Church Invigorated. What if?

4 04 2020
An article in Christianity Today (see link at end) asks church leaders in Italy and Spain to share insights to help North American pastors meet the challenges of Covid-19. They make several important points, including,
>>take social distancing seriously, NOW.
>>reach out to all members for care
>>stop all meetings
>>equip believers to feed themselves from Word

The challenge comes to us from European ministers:

>>> How can the urgency of this season result in a greater level of effectiveness as disciples once the crisis abates?
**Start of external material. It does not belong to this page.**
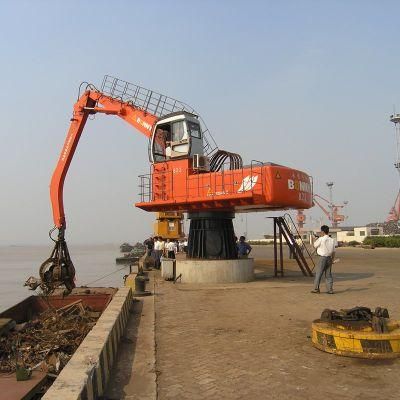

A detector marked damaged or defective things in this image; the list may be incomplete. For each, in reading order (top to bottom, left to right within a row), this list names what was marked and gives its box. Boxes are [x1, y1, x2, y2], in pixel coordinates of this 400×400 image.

rusty scrap steel [0, 300, 99, 376]
rusty metal object on ground [312, 306, 400, 360]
As we come to the end of Ephesians chapter one, Paul’s prayer from a heavenly point of view strikes with force,

“[that you may know] what is the exceeding greatness of His power toward us who believe, according to the working of His might power, which He worked in Christ when He raised Him from the dead and seated Him at His right hand in the heavenly places” (Eph.1:19-20, emphasis mine).

Would you not agree that God must be extremely interested in how the Church handles the mighty power that has been invested in us, especially during these days of crisis?
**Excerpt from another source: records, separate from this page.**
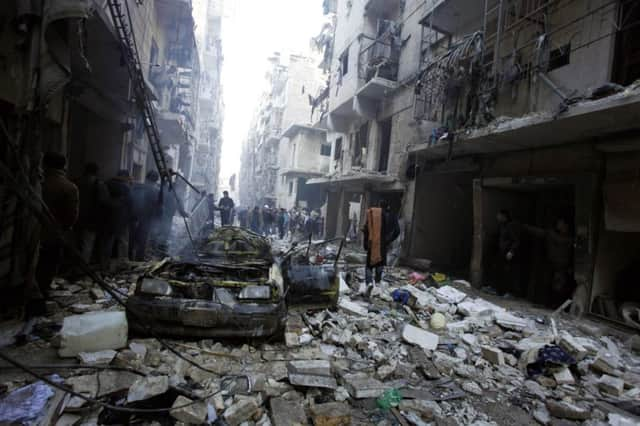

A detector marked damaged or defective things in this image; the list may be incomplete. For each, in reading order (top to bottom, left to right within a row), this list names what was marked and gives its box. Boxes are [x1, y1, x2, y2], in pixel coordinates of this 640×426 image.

broken window [548, 43, 572, 71]
damaged building facade [241, 53, 330, 210]
damaged building facade [0, 0, 205, 310]
damaged building facade [304, 0, 640, 322]
burnt-out car [127, 228, 342, 338]
wrecked car [127, 228, 342, 338]
rusted car body [127, 228, 342, 338]
broken concrete block [432, 284, 468, 304]
broken concrete block [338, 300, 368, 316]
broken concrete block [58, 312, 127, 358]
broken concrete block [78, 348, 117, 364]
broken concrete block [402, 324, 438, 352]
broken concrete block [480, 346, 504, 366]
broken concrete block [556, 332, 588, 362]
broken concrete block [126, 376, 168, 402]
broken concrete block [344, 374, 384, 398]
broken concrete block [552, 368, 576, 384]
broken concrete block [596, 374, 624, 398]
broken concrete block [170, 394, 208, 424]
broken concrete block [222, 400, 258, 426]
broken concrete block [268, 398, 306, 424]
broken concrete block [310, 402, 350, 426]
broken concrete block [398, 400, 442, 420]
broken concrete block [544, 402, 592, 422]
We are living in a most extraordinary time, a time to beg God to display His power.

The Church has a chance to change and emerge with spiritual force for the good of humanity. What part will you, and I, play in that change?

As I reflect again on Ephesians, I am more convinced than ever that our obedience will be weak and temporary unless it is built on the character and provision of God.

I have sketched (below) the contour of the Ephesian letter. It resembles a cross-section of North America, with
>>the Sierra Nevada and Cascade ranges on the west (or left),
>>maintaining the heights to the Rockies,
>>then giving way to the great plains of the Midwest,
>>with a final ascent at the Appalachians.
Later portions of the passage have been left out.